All-White Jury Ruled Non-Racist : Constitution: Supreme Court refuses to expand Sixth Amendment rights on an impartial jury for white convicted rapist.

With members trading sharp words over racism, a divided Supreme Court ruled today that the Sixth Amendment right to a trial by an “impartial jury” is not violated when blacks are excluded from a white man’s jury.

Justice Antonin Scalia, writing for the court in a 5-4 ruling, said the decision was a narrow one and not at all involved in racial politics. He noted that previous rulings have made it clear that blacks may not be systematically excluded from juries.

However, he said the question before the court was “whether the defendant has been denied the right to ‘trial by an impartial jury.’ The earnestness of this court’s commitment to racial justice is not to be measured by its willingness to expand constitutional provisions designed for other purposes beyond their proper bounds.”

Scalia said the heart of the Sixth Amendment was its guarantee of an impartial jury–not one that represents the racial makeup of a community.

In his 13-page decision, Scalia also charged that Justice Thurgood Marshall, the court’s only black member, resorted to waving the red flag of racism.

“Justice Marshall’s dissent rolls out the ultimate weapon, the accusation of insensitivity to racial discrimination–which will lose its intimidating effect if it continues to be fired so randomly,” Scalia said.

“It is not remotely true that our opinion today ‘lightly . . . sets aside’ the constitutional goal of ‘eliminating racial discrimination in our system of criminal justice.’ ”

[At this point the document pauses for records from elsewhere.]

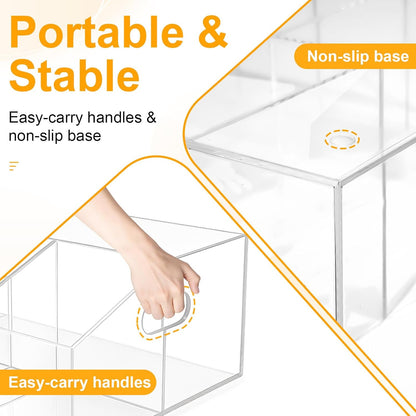Acrylic Paper Plate Organizer and Dispenser – Extra Capacity Plate and Utensil Caddy for Plates, Cups, Napkins and Cutlery, Ideal for Kitchen, Parties, Picnics, Weddings, and Outdoor Events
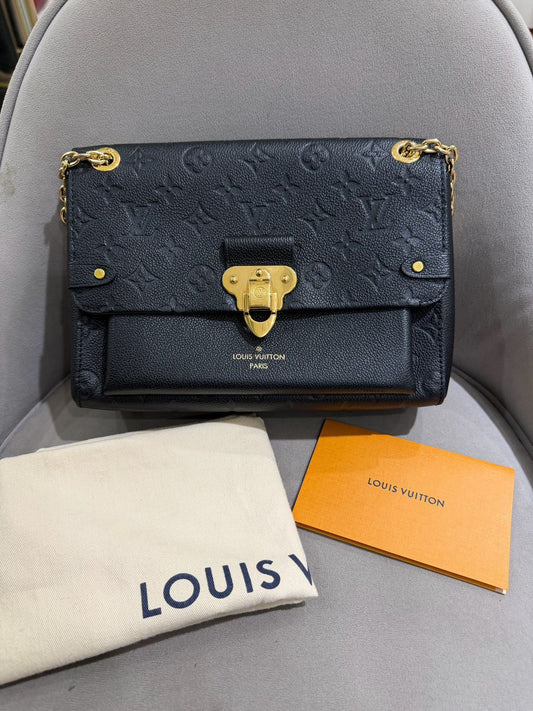 Pre-owned Certified LV Louis Vuitton PM Vavin in Black Mongram Empreinte with Golden Hardware, Microchipped, w/ dust bag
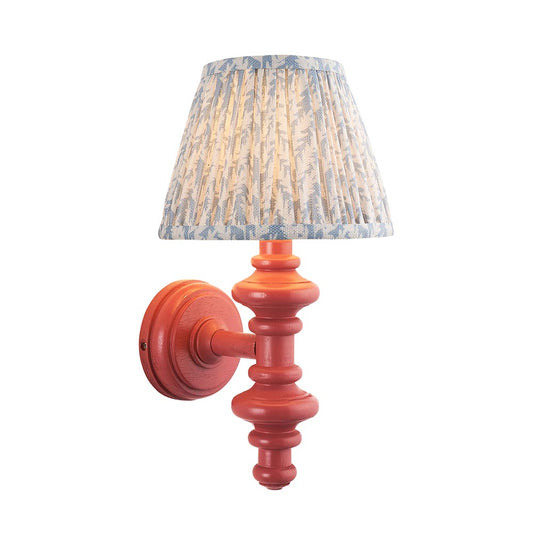 Carnaby And Leaf 20cm Shell Bay Blue Shade Wall Light With Satin Pink Clay Base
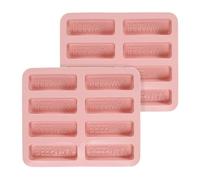 sourcing map Beeswax Candle Mould, 8 Grids Beeswax Bar Mould Makes 8 x 2.8oz Reusable Easy Release Bees Wax Module for Wax Candle Making Butter Candy Chocolate Pink 2Pcs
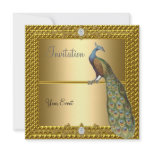 Unique and Elegant Gold  and  Peacock Invitation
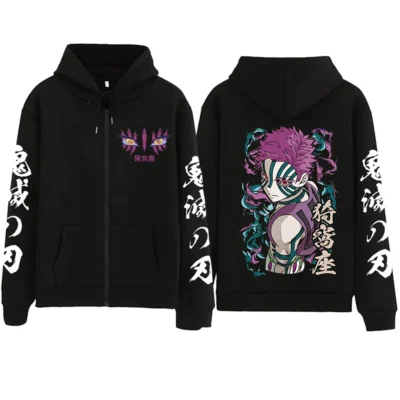 Demon Slayer Akaza Graphic Zipper Hoodie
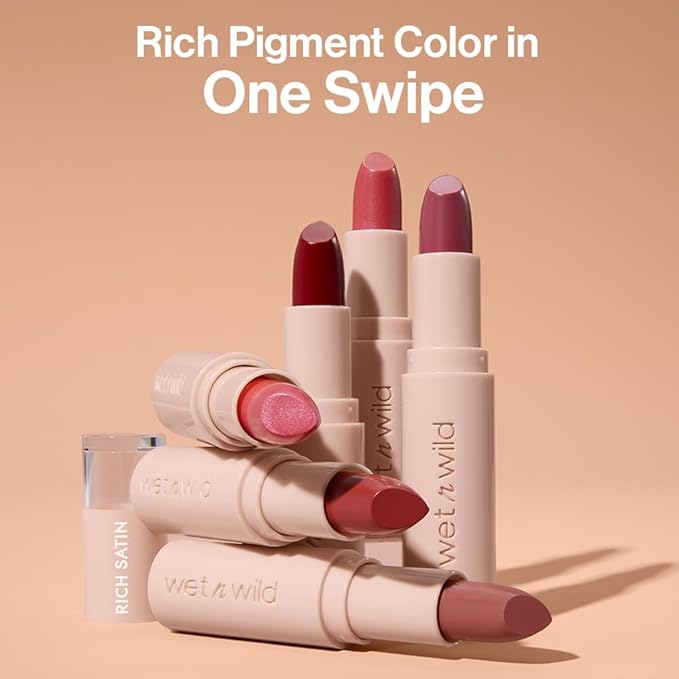 wet n wild Mega Last Rich Satin Lip Color, Rich Creamy Color with Satin Finish, Infused with Vitamin E & Moisturizing Argan Oil, Lightweight, Silky-Smooth, Vegan & Cruelty-Free - One in a Milli-Melon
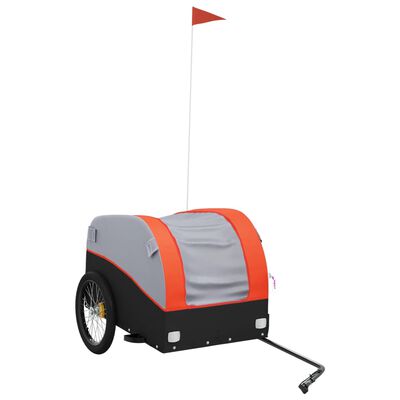 vidaXL Bike Trailer Black and Orange 99.2 lb Iron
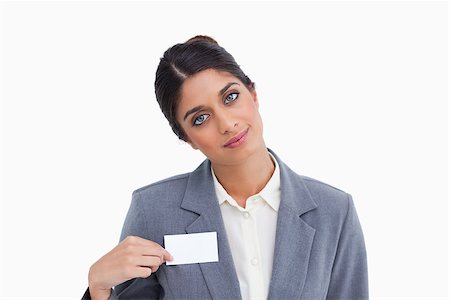 simsearch:400-06633122,k - Female entrepreneur pointing at name sign against a white background Stock Photo - Budget Royalty-Free & Subscription, Code: 400-06634432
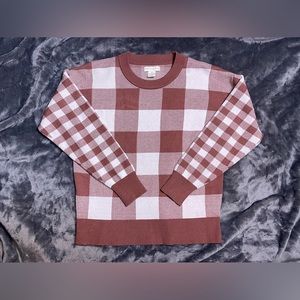 Cynthia Rowley brown and white checkered sweater. Size US: Small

Scalia continued, “The defendant in this case is not a black man, but a convicted white rapist who seeks to use the striking of blacks from his jury to overturn his conviction. . . . Race as such has nothing to do with the legal issue in this case.”

Marshall charged the majority–the court’s conservative wing comprised of Scalia, Chief Justice William H. Rehnquist and Justices Byron R. White, Sandra Day O’Connor and Anthony M. Kennedy–of insulating an “especially invidious form of racial discrimination.”

“The elimination of racial discrimination in our system of criminal justice is not a constitutional goal that should be lightly set aside,” he wrote.

Marshall was joined by Justices William J. Brennan Jr. and Harry A. Blackmun. Justice John Paul Stevens dissented in a separate opinion.